Acoustic evaluation of loblolly pine tree- and lumber-length logs allows for segregation of lumber modulus of elasticity, not for modulus of rupture
Key message Loblolly pine (Pinus taeda) logs can be evaluated using acoustic velocity whereby threshold acoustic velocity values can be set to ensure lumber meets specified mechanical property design values for modulus of elasticity.
Context There is a need to better sort logs according to lumber quality for improved decision making and wood utilization because merchantable logs are being harvested from different stand types including natural forests, conventional plantations, and intensively managed plantations, all with differences in rotation ages, growth rates, and wood quality traits.

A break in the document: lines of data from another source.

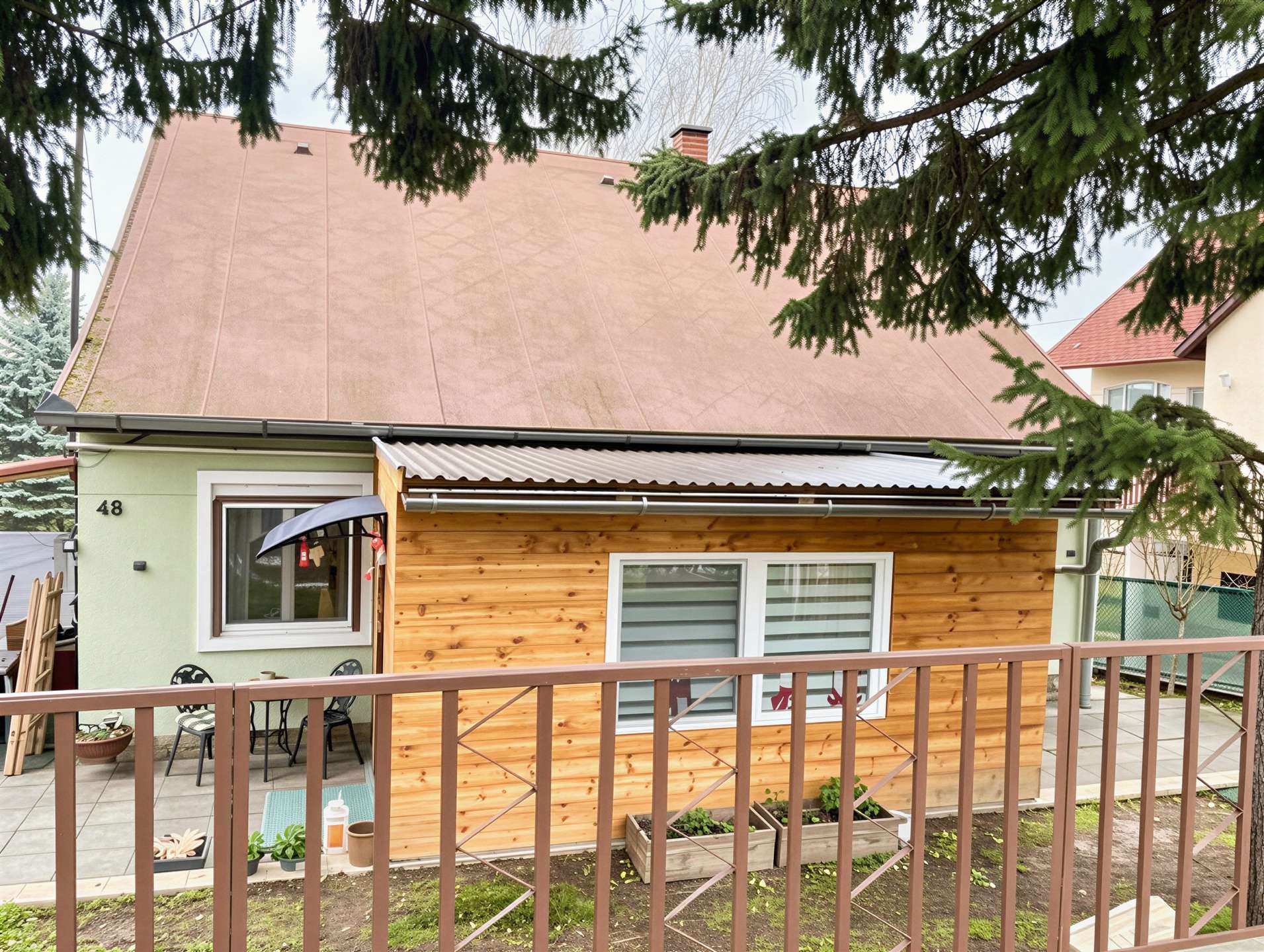 [object Object] - image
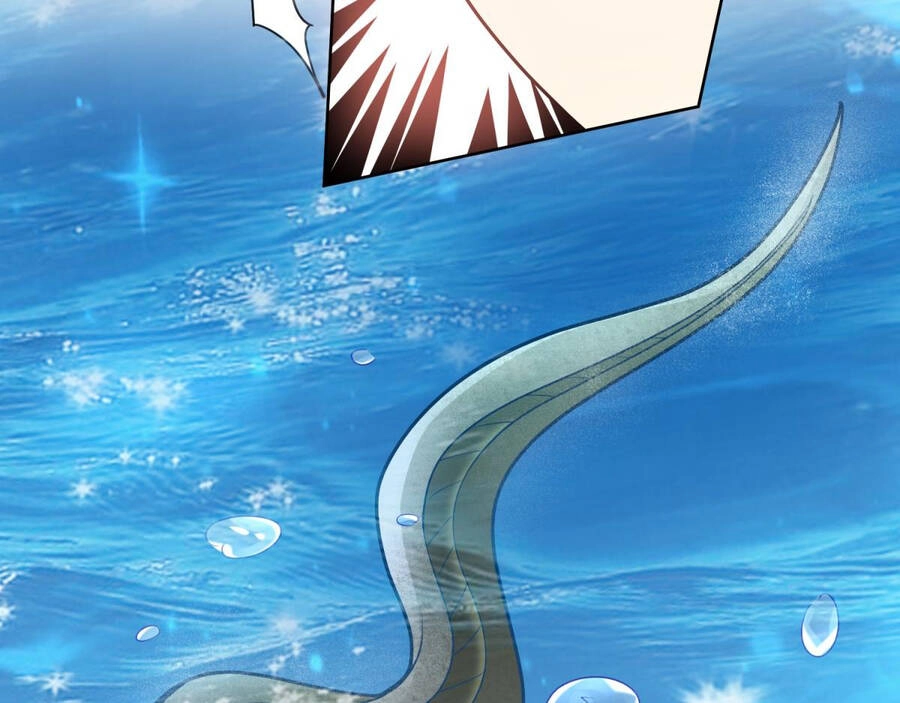 Những Ngày Sống Sót Ngoài Đảo Hoang Chapter 4 - 46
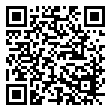 Scannable QR Code Link for 10 Field Stone Drive property details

Aims This study aimed to link tree- and lumber-length log acoustic velocity with the resulting lumber properties as tested in static bending from five intensively managed loblolly pine stands in the Atlantic Coastal Plain of Georgia.
Methods Acoustic velocity was measured using the resonance-based approach on 87 tree-length logs and 244 lumber-length logs. The logs were then processed into 797 pieces of 38 mm by 89 mm (2×4), 140 mm (2×6), 184 mm (2×8), and 235 mm (2×10) dimension lumber, dried, and tested in static bending.
Results Mean MOE of the lumber had moderate relationships with acoustic velocity of the logs (R2 = 0.49) whereas MOR and acoustic velocity did not have a strong relationship (R2 = 0.20). Accounting for log position increased the performance of the mean lumber MOE model (R2 = 0.62) which was further increased by adding green density and small-end diameter (R2 = 0.67). Utilization of acoustics was effective for segregating logs based on lumber modulus of elasticity and did not depend on knowing tree or stand information such as age, site quality, and silviculture history.
Conclusion Acoustic velocity evaluation of tree- and lumber-length logs could be employed to segregate logs within the supply chain to ensure that lumber would meet specified design values.